Q. We’ve signed our 3-year-old up for preschool, but he’s not potty-trained yet. How can we have him trained by September?
A. First things first: Does the preschool require that kids be toilet-trained? Some, like my daughter Elsa’s preschool, have a gentle policy and allow pull-on diapers for a few months.
If the preschool does ask that the children arrive in underwear, and not diapers, the next question is: Does your son show signs that he’s ready to be potty-trained? For instance:
- Does he have words for urine and stool?
- Does he stay dry for longer periods of time than he used to (e.g., he’s dry after a nap)?
- Is he physically capable of pulling down his pants and getting on and off a potty or toilet?
- Does he seem bothered by having a wet or soiled diaper on?
- Is he showing some interest in training (he likes to watch people use the bathroom and is willing to sit on the toilet or potty)?
Most kids will be ready between 2 and 4 — so at 3 your son could go either way. If he’s not showing signs of readiness, potty training is likely to be an exercise in frustration for all of you. If that’s the case, or if he just isn’t getting the hang of it or is feeling upset, back off. Wait at least a couple of weeks before you try again. But don’t lose hope. It’s not uncommon for a child who wasn’t using the toilet in, say, June to turn around and be potty-trained a month later. You just never know what’ll do the trick. For instance, my friend Lisa’s son, Ian, is the same age as my youngest, Natasha, and the two of them are very close. When Lisa told Ian, who’d been having trouble with potty training, that Natasha didn’t wear diapers anymore, he insisted on wearing underwear, too.
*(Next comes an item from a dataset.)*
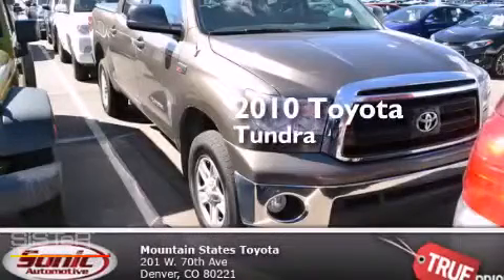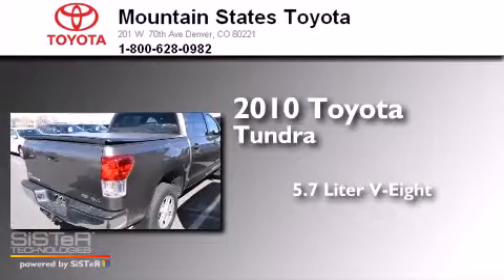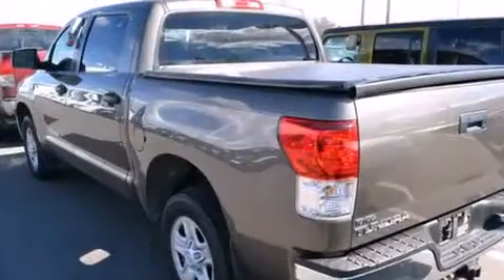This is a 2010 Toyota Tundra. It has a 5.7-liter 8-cylinder engine, an automatic transmission, and 4-wheel drive.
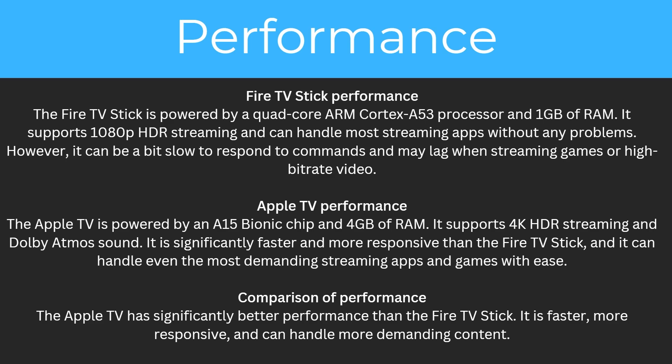Apple TV is powered by an A15 Bionic chip and has 4GB of RAM. It supports 4K HDR streaming and Dolby Atmos sound. It is significantly faster and more responsive than the Fire TV stick and can handle even the most demanding streaming apps and games with ease.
Another encouraging example is my 12-year-old, Zack: When he was 3, he was perfectly content to be wet and made puddles whenever I took off his diaper. But when he was told he couldn’t go in the big pool at summer camp until he was out of diapers, he was trained within just a few days!
If your child does seem interested in toilet training, then be positive; any attempt on his part, including sitting on the potty fully clothed, deserves major hurrahs. Let him pick out his own underwear at the store, so he can wear them instead of diapers as you train. (Diapers are so absorbent, they don’t give a child much incentive to urinate in a potty instead.) And don’t scold him for accidents; they’re completely normal.